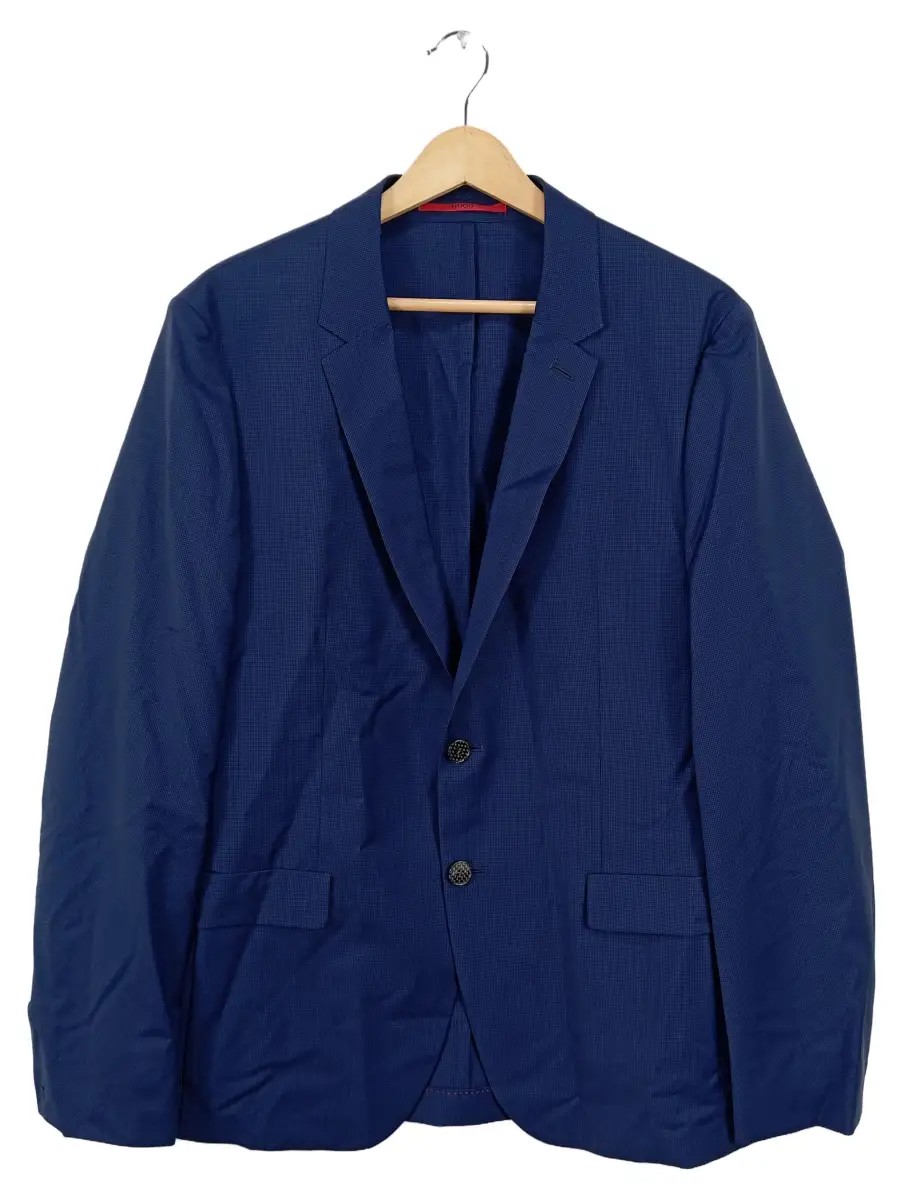 HUGO BOSS Sakko Bild 1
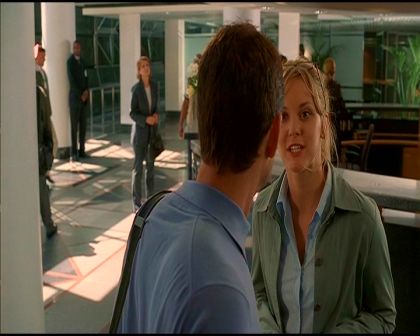 PDVD_149.jpg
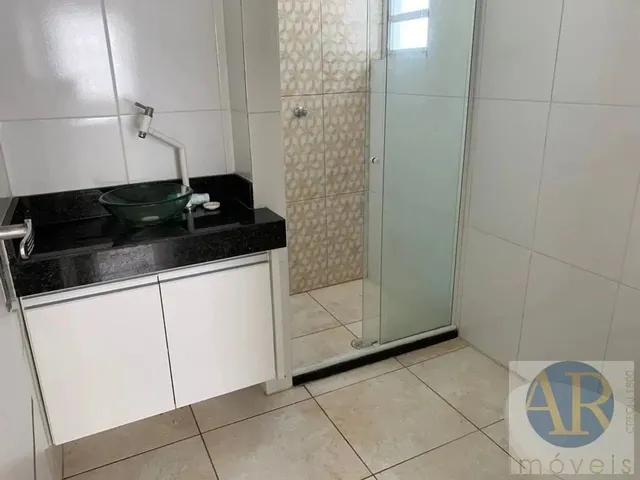 Imagem 7: Apartamento 2 Dormitórios para Locação em Salvador, Pituba, 2 Dormitórios, 1 Suíte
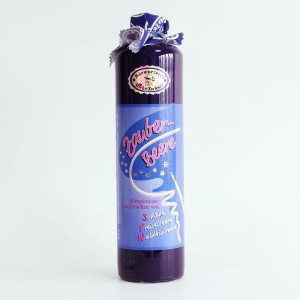 Hieke Zauber-Beere Edelspirituose 40% vol.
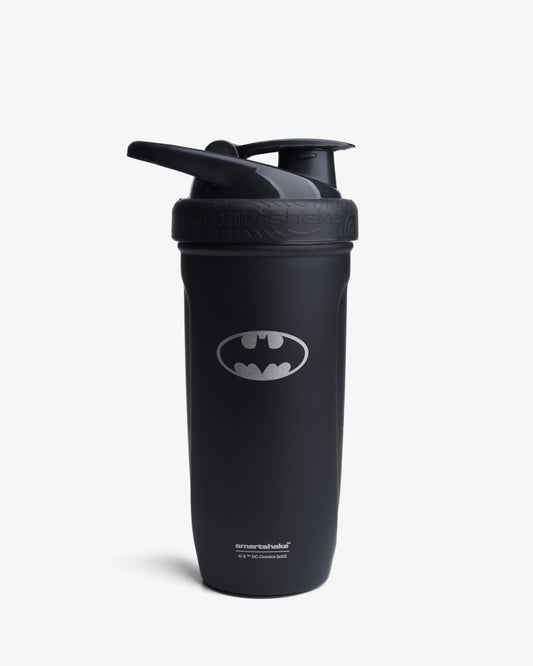 reforce-stainless-steel-batman-logo-a3 Reforce_Stainless_Steel_Batman_Logo.jpg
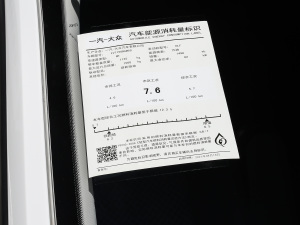 202130o քӐ ŲͺĘʾ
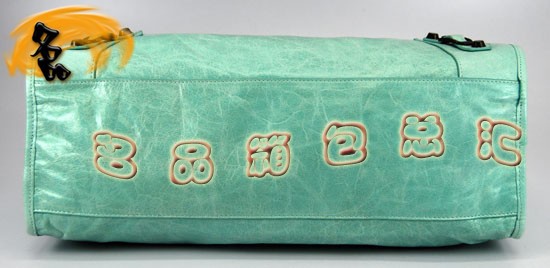 115748L  ҙC܇ Balenciagaμ MƤrŮ  ˮ{ɫ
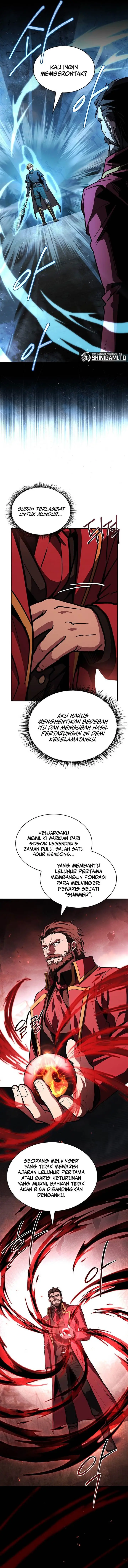 image-komik-talent-swallowing-magician-chapter-133-8/18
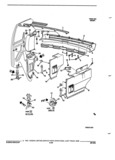 Next Page - Illustrated Parts Catalog 53M August 1992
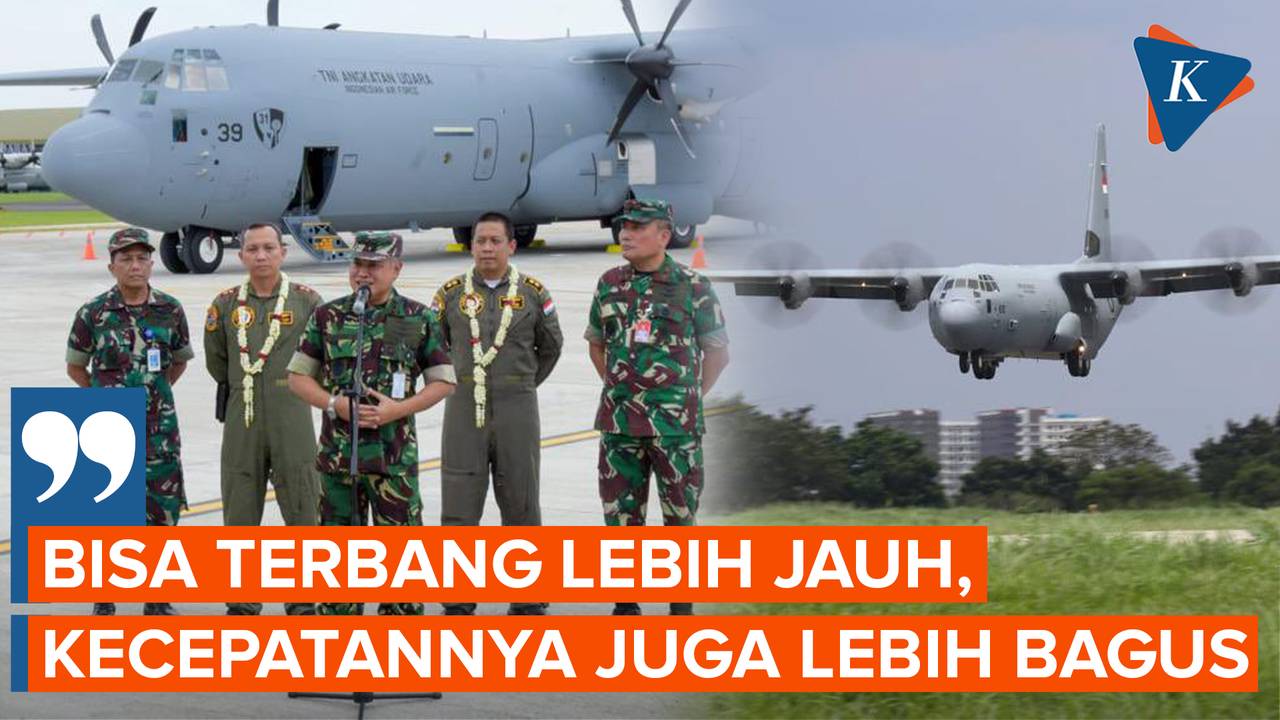 Wakasau Sebut Marsma Fajar Adriyanto Pria Ramah dan Ceria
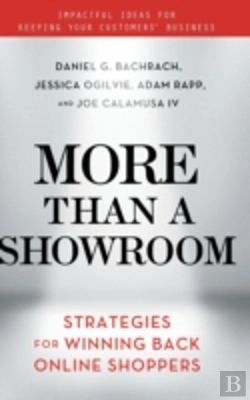Bertrand.pt - More Than A Showroom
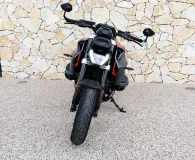BMW 1300 R OPTION 719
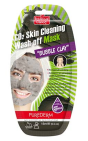 Purederm Wash Off Bubble Clay Mask 15ml
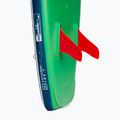 SUP deszka Red Paddle Co Voyager Plus 13'2" zöld 17624 6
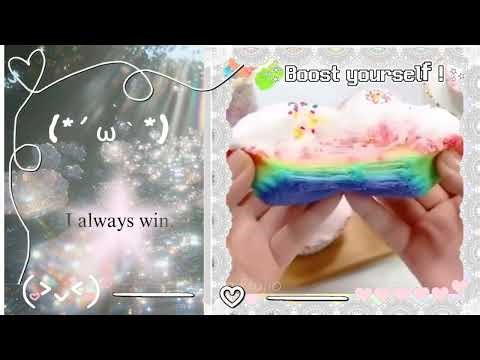 INSTANT SUBLIMINAL RESULTS BOOSTER – Absorb Affirmations Faster [432 Hz]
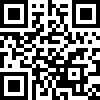https://it.abna24.com/xf8BD
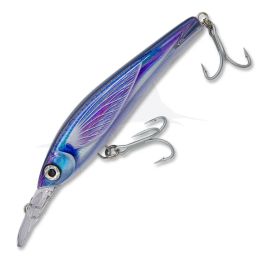 RAP29998 Magnum Xtreme 160 Flying Fish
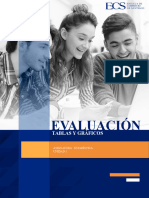 Actividad de Evaluación - S2 Respuesta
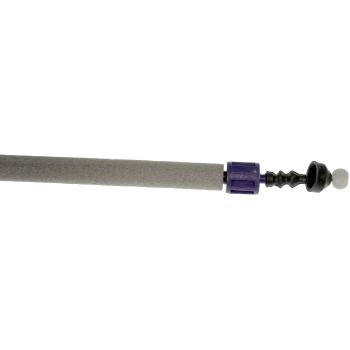 Dorman 937341 Door Lock Actuator Motor product image 7 of 8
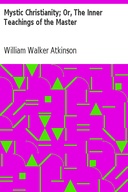 book cover Book cover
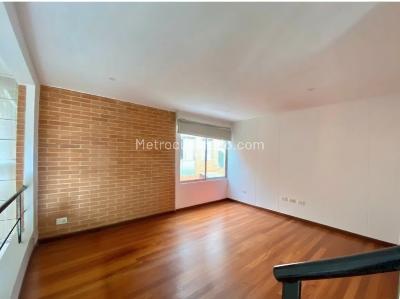 Casa de 3 alcobas en venta en Contador Cedritos, Bogotá, 200 m² · foto 8 de 20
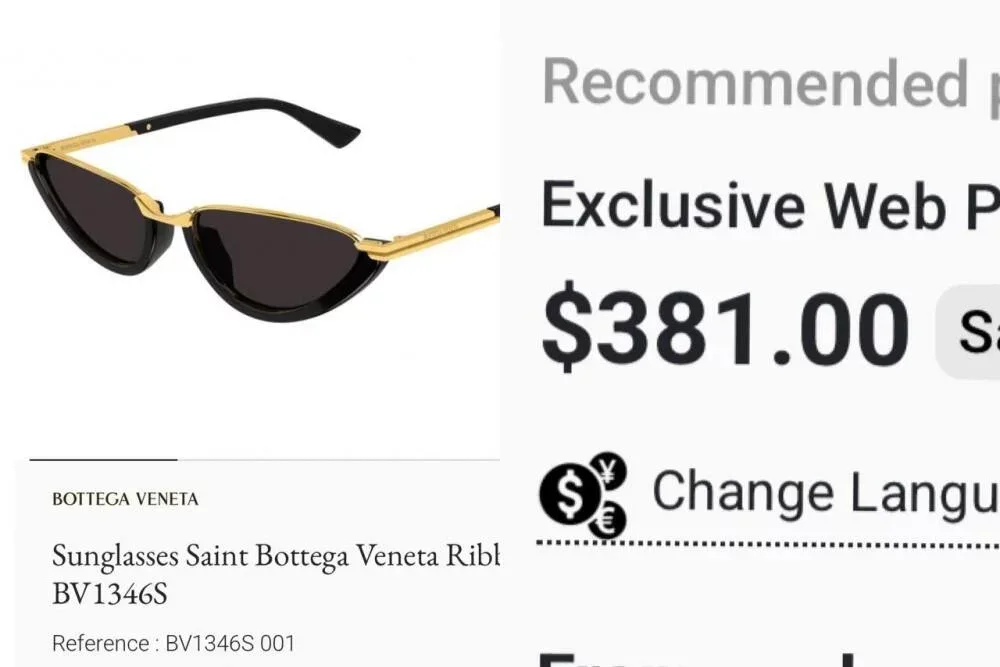 Xalq artisti bu geyiminə 20.000 manat pul sayıb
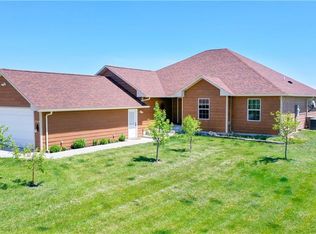 5969 Larimer Ln, Billings, MT 59105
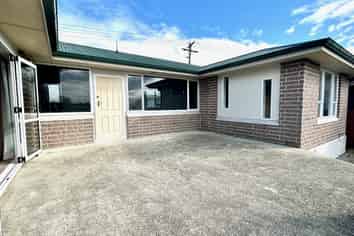 36 Christie Street, Balclutha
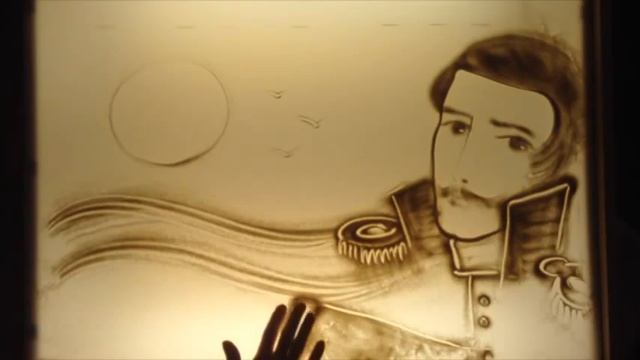 200 лет со дня рождения М.Ю. Лермонтова смотреть онлайн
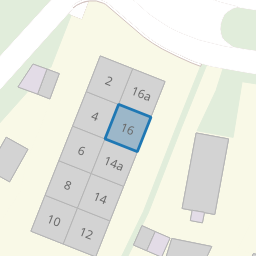 Perceel DBG01-B-8084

--------

Give the data again exactly as it stands, apart from the pictures.

**COMPLETED TASK:**
 HUGO BOSS Sakko Bild 1
 PDVD_149.jpg
 Imagem 7: Apartamento 2 Dormitórios para Locação em Salvador, Pituba, 2 Dormitórios, 1 Suíte
 Hieke Zauber-Beere Edelspirituose 40% vol.
 reforce-stainless-steel-batman-logo-a3 Reforce_Stainless_Steel_Batman_Logo.jpg
 202130o քӐ ŲͺĘʾ
 115748L  ҙC܇ Balenciagaμ MƤrŮ  ˮ{ɫ
 image-komik-talent-swallowing-magician-chapter-133-8/18
 Next Page - Illustrated Parts Catalog 53M August 1992
 Wakasau Sebut Marsma Fajar Adriyanto Pria Ramah dan Ceria
Bertrand.pt - More Than A Showroom
BMW 1300 R OPTION 719
 Purederm Wash Off Bubble Clay Mask 15ml
 SUP deszka Red Paddle Co Voyager Plus 13'2" zöld 17624 6
 INSTANT SUBLIMINAL RESULTS BOOSTER – Absorb Affirmations Faster [432 Hz]
https://it.abna24.com/xf8BD
 RAP29998 Magnum Xtreme 160 Flying Fish
 Actividad de Evaluación - S2 Respuesta
 Dorman 937341 Door Lock Actuator Motor product image 7 of 8
 book cover Book cover
 Casa de 3 alcobas en venta en Contador Cedritos, Bogotá, 200 m² · foto 8 de 20
 Xalq artisti bu geyiminə 20.000 manat pul sayıb
 5969 Larimer Ln, Billings, MT 59105
 36 Christie Street, Balclutha
 200 лет со дня рождения М.Ю. Лермонтова смотреть онлайн
 Perceel DBG01-B-8084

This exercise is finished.